Pemilik buku itu maupun beberapa sumber relevan yang dihubungi Tempo tidak bisa
memastikan kapan manual itu terbit dan seberapa luas peredarannya. Jika sudah
terpegang oleh banyak tangan, kemunculan kelompok jihad baru akan kian sulit
dilacak. Sebab, mereka bisa melakukan operasi penyerangan tanpa harus dikomando
oleh Noor Din M. Top, misalnya.
Langkah-langkah yang diterangkan dalam buku itu serupa benar dengan beberapa sel
yang membantu pelarian Noor Din dan Azahari saat mereka menyiapkan bom Bali II.

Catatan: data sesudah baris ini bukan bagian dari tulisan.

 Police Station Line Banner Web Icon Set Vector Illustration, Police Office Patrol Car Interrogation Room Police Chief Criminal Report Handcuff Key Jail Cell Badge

Salah satunya Subur Sugiyarto, buruh bangunan di Semarang yang pernah
membentuk tiga sel. Tiap sel memiliki spesialisasi masing-masing (lihat Pertalian
Empat Sel).
Bentuk sel lain bisa kita lihat di Tomini, sekitar 300 kilometer dari Palu, ibu kota
Sulawesi Tengah. Terdiri dari sepuluh orang, kelompok ini dipimpin Ustad Aan alias
Opo. Mereka diburu polisi gara-gara mengumpulkan dana atau fa'i dengan cara
merampok pada Februari lalu.
Fenny Tanriono, pedagang cokelat setempat, menjadi korban. Dia mengalami
kerugian uang Rp 3 juta, dua telepon genggam, dan dua jam tangan. Tubuh Fredy,
sopir Fenny, tertembus peluru oleh para pelaku fa'i. Namun nyawanya masih
terselamatkan.
Polisi menangkap kelompok Opo dua bulan kemudian. Para pelaku menyebut Aan
dengan panggilan amir. Artinya, pemimpin. Hingga pekan lalu, delapan dari sepuluh
anggota komplotan sudah tertangkap. Kasus perampokan itu masih disidangkan di
Pengadilan Negeri Palu.
Sumber Tempo di kelompok Mujahidin Poso menjelaskan, Opo bukan anggota inti
mereka. Dia baru tiga bulan mengikuti pengajian yang membahas soal fa'i. "Belum
matang ilmunya, dia nekat beroperasi," kata si sumber. Apakah mereka membaca
manual pembentukan sel? Hal itu tidak terjawab di pengadilan.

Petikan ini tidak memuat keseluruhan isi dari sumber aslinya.